Download the Wikipedia detox dataset and save it as
wikipedia-detox-250-line-data.tsv in the
myMLApp directory you created.
Each row in
wikipedia-detox-250-line-data.tsv represents a different review left by a user on Wikipedia. The first column represents the sentiment of the text (0 is non-toxic, 1 is toxic), and the second column represents the comment left by the user. The columns are separated by tabs. The data looks like the following:
Sentiment SentimentText 1 ==RUDE== Dude, you are rude upload that carl picture back, or else. 1 == OK! == IM GOING TO VANDALIZE WILD ONES WIKI THEN!!! 0 I hope this helps.
In Model Builder, you can add data from a local file or connect to a SQL Server database. In this case, you'll add
wikipedia-detox-250-line-data.tsv from a file.

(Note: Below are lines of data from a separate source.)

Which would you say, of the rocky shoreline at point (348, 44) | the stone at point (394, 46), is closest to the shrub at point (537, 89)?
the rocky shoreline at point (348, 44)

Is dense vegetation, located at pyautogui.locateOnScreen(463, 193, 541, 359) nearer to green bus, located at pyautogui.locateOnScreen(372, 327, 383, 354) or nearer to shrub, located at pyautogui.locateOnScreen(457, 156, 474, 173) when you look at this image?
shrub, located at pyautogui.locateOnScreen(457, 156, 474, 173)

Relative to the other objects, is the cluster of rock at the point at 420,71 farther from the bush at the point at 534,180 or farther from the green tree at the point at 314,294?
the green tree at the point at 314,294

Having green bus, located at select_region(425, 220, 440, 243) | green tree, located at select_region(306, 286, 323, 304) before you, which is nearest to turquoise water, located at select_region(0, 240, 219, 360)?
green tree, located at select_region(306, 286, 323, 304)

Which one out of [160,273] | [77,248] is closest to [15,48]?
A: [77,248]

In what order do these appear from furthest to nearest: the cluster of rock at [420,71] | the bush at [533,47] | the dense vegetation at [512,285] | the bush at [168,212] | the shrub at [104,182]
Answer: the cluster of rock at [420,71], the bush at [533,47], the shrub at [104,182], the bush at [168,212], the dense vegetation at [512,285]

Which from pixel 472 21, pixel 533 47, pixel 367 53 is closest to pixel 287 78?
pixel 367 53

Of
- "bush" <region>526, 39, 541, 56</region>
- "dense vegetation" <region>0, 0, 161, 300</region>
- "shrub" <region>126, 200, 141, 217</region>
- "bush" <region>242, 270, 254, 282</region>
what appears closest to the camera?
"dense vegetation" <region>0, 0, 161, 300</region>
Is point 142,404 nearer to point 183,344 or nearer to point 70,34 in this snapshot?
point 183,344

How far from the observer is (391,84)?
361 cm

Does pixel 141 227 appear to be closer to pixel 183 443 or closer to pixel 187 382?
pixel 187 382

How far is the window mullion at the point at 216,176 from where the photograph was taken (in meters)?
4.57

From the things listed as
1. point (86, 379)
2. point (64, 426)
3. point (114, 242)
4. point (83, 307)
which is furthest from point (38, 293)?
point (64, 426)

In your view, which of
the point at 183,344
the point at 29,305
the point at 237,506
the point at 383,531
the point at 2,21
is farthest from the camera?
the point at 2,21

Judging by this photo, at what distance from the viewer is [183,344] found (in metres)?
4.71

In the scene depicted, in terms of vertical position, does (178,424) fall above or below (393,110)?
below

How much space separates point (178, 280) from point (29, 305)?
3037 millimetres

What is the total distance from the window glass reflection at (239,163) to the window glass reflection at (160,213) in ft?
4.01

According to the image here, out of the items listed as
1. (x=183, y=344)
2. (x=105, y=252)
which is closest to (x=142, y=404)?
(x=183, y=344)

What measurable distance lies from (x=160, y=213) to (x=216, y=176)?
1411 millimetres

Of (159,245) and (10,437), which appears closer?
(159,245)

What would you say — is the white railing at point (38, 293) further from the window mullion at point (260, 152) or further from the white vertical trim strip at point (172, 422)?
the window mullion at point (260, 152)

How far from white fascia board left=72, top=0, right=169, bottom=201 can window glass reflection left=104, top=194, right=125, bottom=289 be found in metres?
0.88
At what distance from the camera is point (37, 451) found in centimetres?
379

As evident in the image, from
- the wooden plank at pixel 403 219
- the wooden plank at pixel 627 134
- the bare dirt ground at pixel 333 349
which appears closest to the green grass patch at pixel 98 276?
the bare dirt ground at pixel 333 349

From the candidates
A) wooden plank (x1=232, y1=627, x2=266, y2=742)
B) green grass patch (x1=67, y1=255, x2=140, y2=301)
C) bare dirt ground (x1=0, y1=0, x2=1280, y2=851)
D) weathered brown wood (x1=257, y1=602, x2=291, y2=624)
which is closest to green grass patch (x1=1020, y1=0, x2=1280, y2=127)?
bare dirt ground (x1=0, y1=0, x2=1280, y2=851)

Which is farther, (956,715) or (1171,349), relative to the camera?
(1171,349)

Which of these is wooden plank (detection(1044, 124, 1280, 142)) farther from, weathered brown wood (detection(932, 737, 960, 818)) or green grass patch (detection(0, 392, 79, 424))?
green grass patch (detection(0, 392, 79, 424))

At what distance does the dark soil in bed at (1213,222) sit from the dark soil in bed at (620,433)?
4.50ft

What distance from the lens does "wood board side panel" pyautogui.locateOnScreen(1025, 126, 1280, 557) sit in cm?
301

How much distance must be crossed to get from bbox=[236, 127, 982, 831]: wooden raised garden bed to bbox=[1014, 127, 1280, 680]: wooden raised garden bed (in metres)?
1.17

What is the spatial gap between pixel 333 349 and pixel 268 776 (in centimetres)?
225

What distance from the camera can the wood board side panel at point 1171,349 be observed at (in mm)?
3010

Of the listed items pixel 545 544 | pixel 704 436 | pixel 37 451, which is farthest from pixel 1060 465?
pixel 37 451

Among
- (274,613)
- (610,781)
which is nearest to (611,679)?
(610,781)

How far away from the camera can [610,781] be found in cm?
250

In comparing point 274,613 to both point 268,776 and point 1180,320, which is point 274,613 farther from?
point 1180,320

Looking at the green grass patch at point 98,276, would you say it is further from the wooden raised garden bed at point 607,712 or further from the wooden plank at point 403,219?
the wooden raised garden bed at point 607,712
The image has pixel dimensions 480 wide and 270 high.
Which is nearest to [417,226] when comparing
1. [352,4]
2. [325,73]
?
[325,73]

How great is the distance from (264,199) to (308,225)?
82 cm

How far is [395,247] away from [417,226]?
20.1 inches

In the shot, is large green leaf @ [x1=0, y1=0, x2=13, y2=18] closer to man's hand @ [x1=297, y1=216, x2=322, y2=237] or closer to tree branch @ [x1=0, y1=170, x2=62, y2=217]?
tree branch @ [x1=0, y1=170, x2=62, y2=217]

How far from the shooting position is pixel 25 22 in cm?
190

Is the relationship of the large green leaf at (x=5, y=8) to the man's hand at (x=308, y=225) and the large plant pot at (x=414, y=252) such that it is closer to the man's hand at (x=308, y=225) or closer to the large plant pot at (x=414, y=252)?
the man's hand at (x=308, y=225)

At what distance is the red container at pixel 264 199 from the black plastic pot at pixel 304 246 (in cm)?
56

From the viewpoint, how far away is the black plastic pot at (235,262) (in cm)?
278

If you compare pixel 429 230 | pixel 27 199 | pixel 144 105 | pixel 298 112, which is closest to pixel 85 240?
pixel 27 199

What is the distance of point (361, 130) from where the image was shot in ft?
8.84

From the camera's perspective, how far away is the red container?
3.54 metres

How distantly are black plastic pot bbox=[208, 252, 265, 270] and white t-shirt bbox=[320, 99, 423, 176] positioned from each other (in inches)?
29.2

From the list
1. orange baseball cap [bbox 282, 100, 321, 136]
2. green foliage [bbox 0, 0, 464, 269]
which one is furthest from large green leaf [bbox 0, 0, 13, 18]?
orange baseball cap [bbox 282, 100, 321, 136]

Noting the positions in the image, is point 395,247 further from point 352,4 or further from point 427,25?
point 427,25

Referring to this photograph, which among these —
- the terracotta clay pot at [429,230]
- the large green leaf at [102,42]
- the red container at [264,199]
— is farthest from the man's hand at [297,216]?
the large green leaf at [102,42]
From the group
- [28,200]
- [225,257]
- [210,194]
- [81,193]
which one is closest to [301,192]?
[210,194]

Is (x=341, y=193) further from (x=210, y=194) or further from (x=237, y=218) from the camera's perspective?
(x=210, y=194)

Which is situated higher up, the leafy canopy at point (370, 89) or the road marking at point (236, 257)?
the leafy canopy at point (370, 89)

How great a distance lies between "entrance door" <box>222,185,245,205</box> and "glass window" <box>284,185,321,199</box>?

Select File as the input data source in the drop-down, and in Select a file find and select
Under Column to predict (Label), select "Sentiment." The Label is what you're predicting, which in this case is the Sentiment found in the first column of the dataset.
The columns that are used to help predict the Label are called Features. In this case, the review comment is the Feature, so leave "SentimentText" checked as the Input Column (Feature).
After adding your data, go to the Train step.